TRY IT
Begin at the line containing "Deux grues jaunes" and give again every line to the end of the records, exactly, without the pictures.

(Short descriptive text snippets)

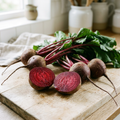 Fresh red beetroot with leafy tops and cut halves on a bright kitchen bench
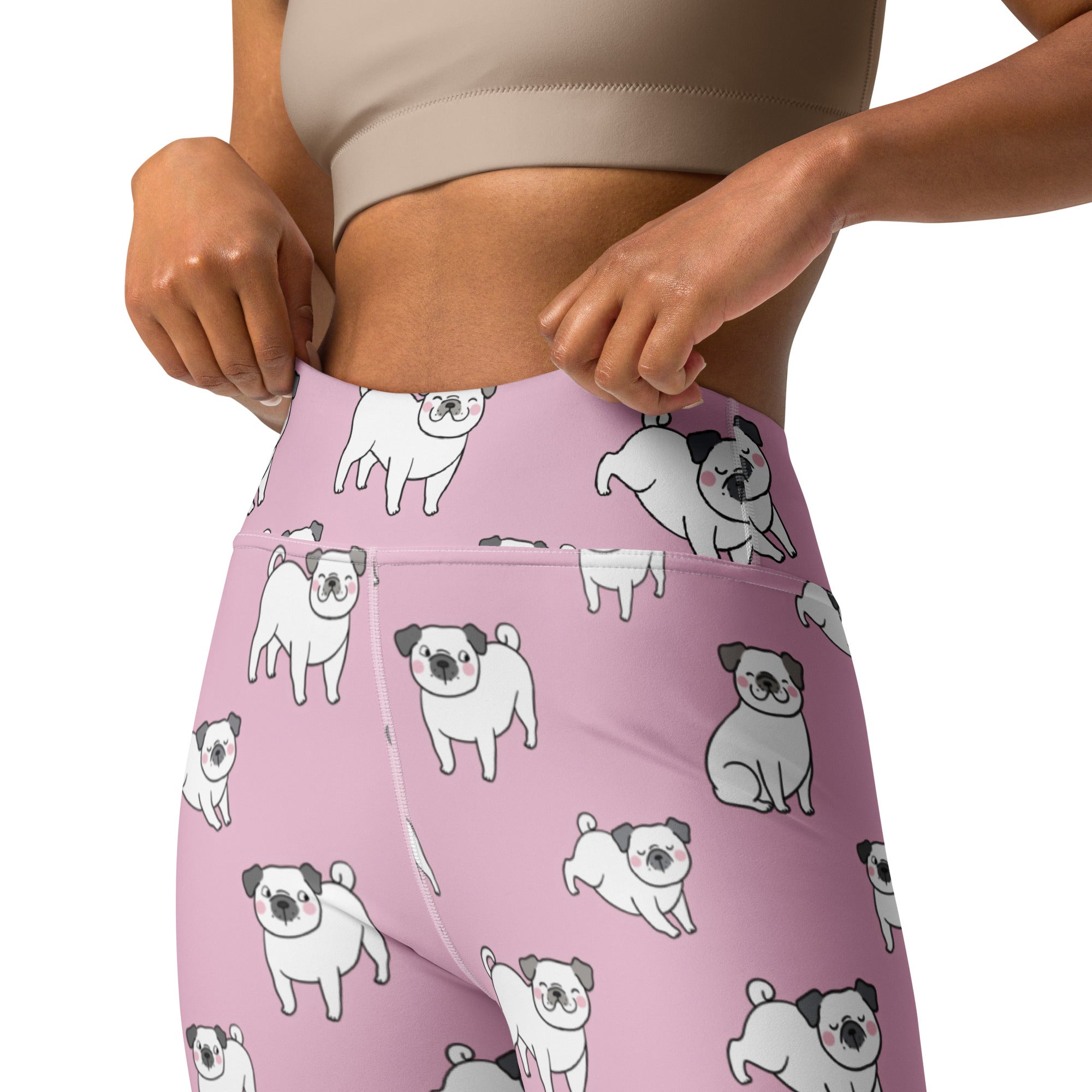 Women’s pink pug buttery soft high-waisted yoga leggings with playful cartoon pug pattern in various poses and shades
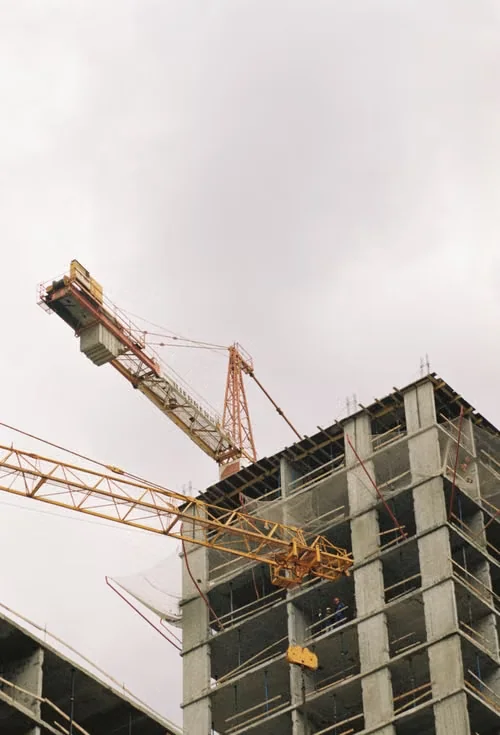 Deux grues jaunes devant un immeuble en béton en cours de construction.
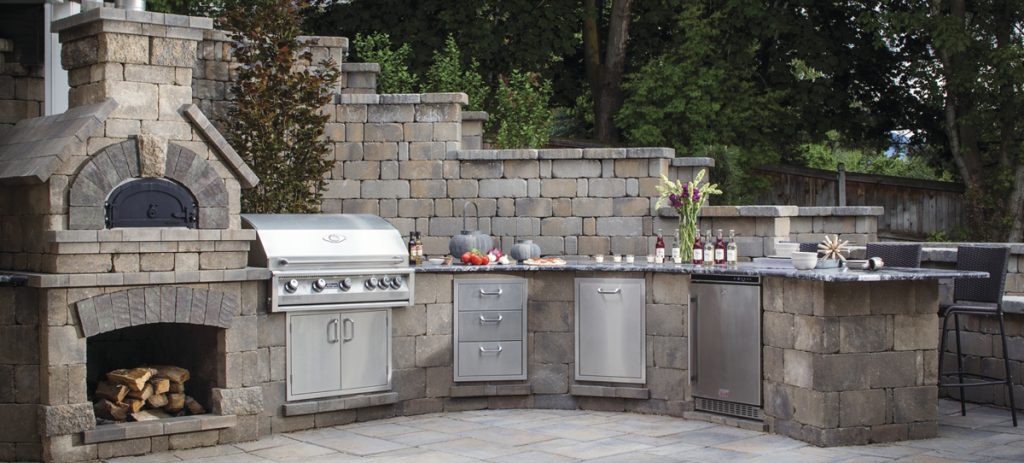 Outdoor stainless steel kitchen with stonework.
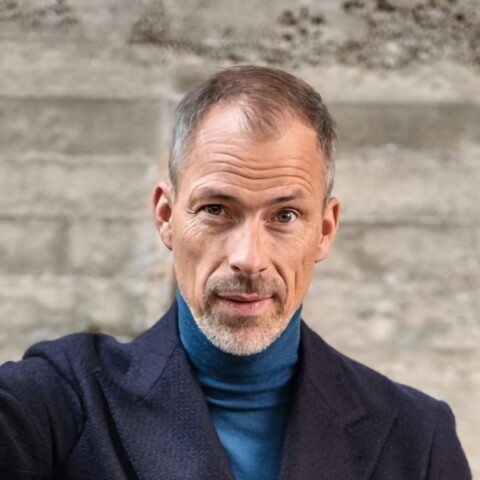 Outdoor headshot portrait of Anders Warming, BMW Group, in front of a grey wall.
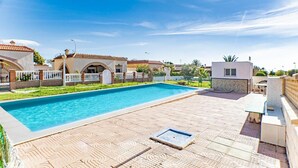 A swimming pool with a tiled deck, a small covered seating area, and a white building with a tiled roof.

THE ANSWER
 Deux grues jaunes devant un immeuble en béton en cours de construction.
 Outdoor stainless steel kitchen with stonework.
 Outdoor headshot portrait of Anders Warming, BMW Group, in front of a grey wall.
 A swimming pool with a tiled deck, a small covered seating area, and a white building with a tiled roof.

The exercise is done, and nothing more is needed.